A report by Al-Masry Al-Youm about two minors who became engaged in Gharbiya, on Sunday, has resulted in a wide-scale reaction by readers, media outlets and children's rights activists, leading Mervat al-Tallawy, chairman of the National Council for Women, to call the incident a “complete crime”.
 
Tallawy  told satellite TV channel Dream late Sunday that she was completely against child marriages which, she said, “have become common recently”. Tallawy holds families responsible for the consequences of approving the underage marriage of their children in violation of the law and social values.
 
Though the legal marital age for males and females in Egypt is 18, the fact that the party was a mere engagement spares the family legal liability.
 
Hany Helal, who heads the Egyptian Coalition on Children’s Rights, told Al-Masry Al-Youm he had been following the pair’s case since it first came up and had met with the Banna family. “There is no legal action that can be taken against the family of the two kids.

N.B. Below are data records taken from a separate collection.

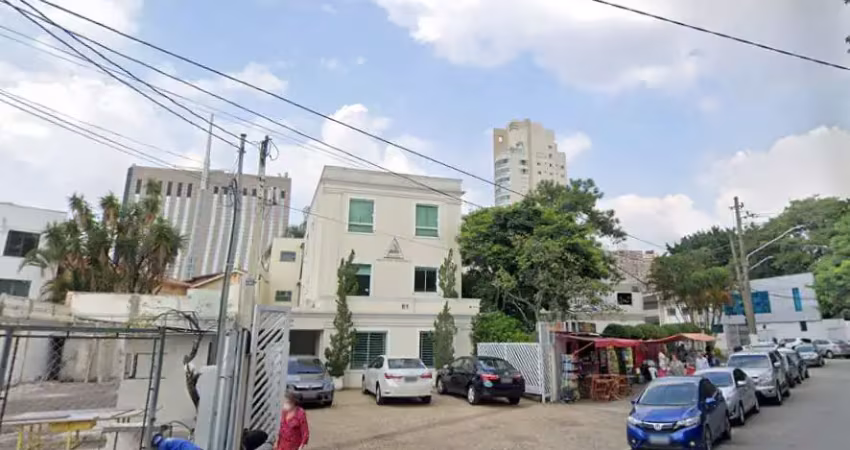 Casa comercial na rua doutor astolfo araújo, n. 541 • 478 m²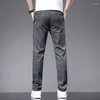 Herenbroeken Kleding 2024 Spring Summer Plaid Work Stretch Men Business Fashion Fashion Slim Gray Blue Party Casual Pant Trousers mannelijk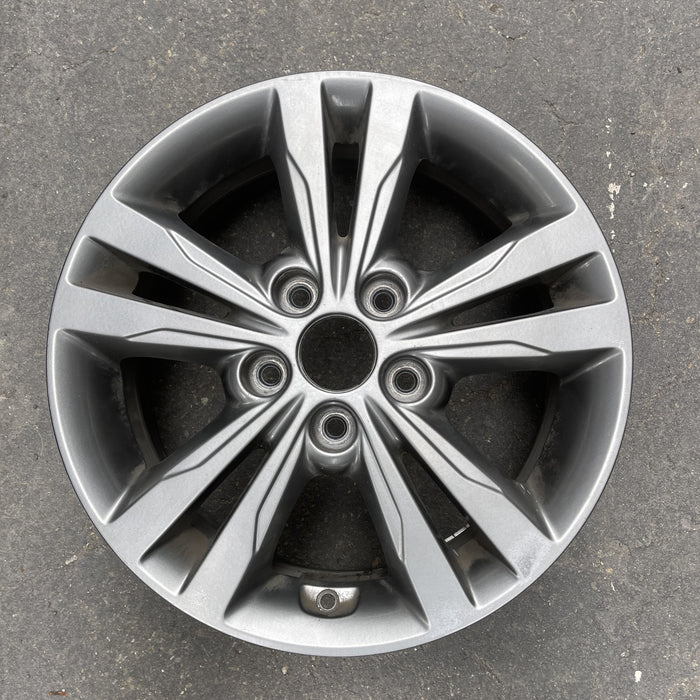 16" ELANTRA 17 16x6.5, alloy, Sdn Original OEM Wheel Rim - Angle View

The matter has not gone beyond a family engagement party,” Helal said.
 
Waguih and Noha al-Banna, cousins who are 16 and 9 years old respectively, were engaged during a party attended by hundreds of villagers in the town of Zefta.
 
Waguih, a ninth grader, told Al-Masry Al-Youm he was unfazed by the angry reactions, stressing that his marriage will not be consummated for another five years. “I did not commit a crime,” he said, adding that he had bought his fiancee a “shabka”(customary wedding jewelry) worth LE6,000 to which his relatives contributed.
 
The bride is equally happy. Miss Banna told Al-Masry Al-Youm she was happy with the engagement. “I have a normal kid's life, playing and going out with my friends,” she said, adding that she agreed with her fiancee that she would not leave school.